(RECORDS TO USE begins)

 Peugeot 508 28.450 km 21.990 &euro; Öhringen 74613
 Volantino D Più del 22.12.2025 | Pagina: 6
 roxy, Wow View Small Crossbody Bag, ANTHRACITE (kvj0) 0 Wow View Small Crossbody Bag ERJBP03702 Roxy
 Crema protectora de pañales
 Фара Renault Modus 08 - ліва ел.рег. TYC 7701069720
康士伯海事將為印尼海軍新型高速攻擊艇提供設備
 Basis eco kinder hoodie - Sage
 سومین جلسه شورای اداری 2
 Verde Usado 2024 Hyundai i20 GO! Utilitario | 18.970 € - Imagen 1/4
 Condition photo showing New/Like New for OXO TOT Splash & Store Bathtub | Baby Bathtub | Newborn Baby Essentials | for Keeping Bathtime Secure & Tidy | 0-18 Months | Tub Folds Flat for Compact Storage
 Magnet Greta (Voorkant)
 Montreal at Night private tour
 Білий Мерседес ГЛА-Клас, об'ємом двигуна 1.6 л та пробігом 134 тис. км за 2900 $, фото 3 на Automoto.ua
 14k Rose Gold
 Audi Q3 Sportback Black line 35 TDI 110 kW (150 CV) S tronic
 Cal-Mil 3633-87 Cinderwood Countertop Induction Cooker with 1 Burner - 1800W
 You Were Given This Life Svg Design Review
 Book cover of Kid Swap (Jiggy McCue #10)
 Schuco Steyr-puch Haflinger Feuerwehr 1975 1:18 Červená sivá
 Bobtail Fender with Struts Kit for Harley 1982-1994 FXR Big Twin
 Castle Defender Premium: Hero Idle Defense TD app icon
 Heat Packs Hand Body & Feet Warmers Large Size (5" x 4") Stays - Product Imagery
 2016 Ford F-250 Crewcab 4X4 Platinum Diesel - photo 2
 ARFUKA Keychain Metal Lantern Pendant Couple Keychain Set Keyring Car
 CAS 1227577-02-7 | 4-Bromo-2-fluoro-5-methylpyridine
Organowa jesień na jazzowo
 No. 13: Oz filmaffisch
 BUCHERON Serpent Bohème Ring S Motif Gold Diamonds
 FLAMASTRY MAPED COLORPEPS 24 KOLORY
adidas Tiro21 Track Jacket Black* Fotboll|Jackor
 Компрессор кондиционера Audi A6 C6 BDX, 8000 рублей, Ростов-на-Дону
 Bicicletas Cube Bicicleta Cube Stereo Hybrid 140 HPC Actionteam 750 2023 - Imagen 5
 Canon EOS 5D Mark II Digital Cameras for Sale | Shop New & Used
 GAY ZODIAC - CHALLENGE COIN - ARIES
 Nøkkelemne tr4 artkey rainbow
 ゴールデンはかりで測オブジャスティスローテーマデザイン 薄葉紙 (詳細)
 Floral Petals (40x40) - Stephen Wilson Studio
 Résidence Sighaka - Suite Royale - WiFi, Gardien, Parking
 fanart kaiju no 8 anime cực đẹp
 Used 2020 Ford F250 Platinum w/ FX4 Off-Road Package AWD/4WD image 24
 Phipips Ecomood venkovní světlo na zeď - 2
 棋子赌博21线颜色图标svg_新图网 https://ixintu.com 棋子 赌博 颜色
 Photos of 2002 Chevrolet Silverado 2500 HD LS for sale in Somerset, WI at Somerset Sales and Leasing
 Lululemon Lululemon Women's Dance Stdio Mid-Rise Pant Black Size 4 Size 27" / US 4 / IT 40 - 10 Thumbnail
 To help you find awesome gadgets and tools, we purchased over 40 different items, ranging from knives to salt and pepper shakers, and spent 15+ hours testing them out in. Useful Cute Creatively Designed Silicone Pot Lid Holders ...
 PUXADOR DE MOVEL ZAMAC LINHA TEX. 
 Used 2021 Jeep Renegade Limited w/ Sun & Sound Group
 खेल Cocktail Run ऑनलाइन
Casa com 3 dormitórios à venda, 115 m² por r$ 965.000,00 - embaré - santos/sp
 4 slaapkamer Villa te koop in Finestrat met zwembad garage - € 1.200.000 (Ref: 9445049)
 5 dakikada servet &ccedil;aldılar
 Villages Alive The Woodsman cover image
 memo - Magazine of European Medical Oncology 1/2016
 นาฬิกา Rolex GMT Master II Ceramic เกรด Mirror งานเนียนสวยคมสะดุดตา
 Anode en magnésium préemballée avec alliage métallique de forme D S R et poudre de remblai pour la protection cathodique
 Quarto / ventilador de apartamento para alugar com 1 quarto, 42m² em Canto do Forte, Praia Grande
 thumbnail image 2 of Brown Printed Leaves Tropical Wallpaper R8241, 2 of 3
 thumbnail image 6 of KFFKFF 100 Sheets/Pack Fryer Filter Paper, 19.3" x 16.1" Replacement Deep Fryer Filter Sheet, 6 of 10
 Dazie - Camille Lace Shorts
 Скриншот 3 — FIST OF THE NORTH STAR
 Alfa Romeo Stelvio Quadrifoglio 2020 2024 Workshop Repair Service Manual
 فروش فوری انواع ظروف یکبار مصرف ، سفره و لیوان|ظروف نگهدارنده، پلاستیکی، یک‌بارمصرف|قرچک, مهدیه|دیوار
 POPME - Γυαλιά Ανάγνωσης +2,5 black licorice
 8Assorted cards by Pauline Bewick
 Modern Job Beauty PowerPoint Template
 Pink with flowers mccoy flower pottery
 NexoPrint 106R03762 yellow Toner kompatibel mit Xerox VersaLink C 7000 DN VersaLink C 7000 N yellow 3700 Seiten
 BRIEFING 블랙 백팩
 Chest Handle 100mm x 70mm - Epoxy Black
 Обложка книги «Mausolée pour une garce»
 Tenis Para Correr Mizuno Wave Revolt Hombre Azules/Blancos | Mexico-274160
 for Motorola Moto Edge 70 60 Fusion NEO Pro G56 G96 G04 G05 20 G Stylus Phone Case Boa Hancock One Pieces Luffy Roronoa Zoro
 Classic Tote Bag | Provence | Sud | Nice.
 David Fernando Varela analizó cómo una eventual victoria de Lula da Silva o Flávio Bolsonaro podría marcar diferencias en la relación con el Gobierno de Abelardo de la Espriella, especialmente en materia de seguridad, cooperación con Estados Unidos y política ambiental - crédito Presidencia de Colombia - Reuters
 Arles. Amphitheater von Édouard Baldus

(RECORDS TO USE ends)

■ **TASK DETAILS**: Your task is to restate, word for word, the lines from the beginning of the records to the line with "康士伯海事將為印尼海軍新型高速攻擊艇提供設備", inclusive.

■ **FINAL ANSWER**:
 Peugeot 508 28.450 km 21.990 &euro; Öhringen 74613
 Volantino D Più del 22.12.2025 | Pagina: 6
 roxy, Wow View Small Crossbody Bag, ANTHRACITE (kvj0) 0 Wow View Small Crossbody Bag ERJBP03702 Roxy
 Crema protectora de pañales
 Фара Renault Modus 08 - ліва ел.рег. TYC 7701069720
康士伯海事將為印尼海軍新型高速攻擊艇提供設備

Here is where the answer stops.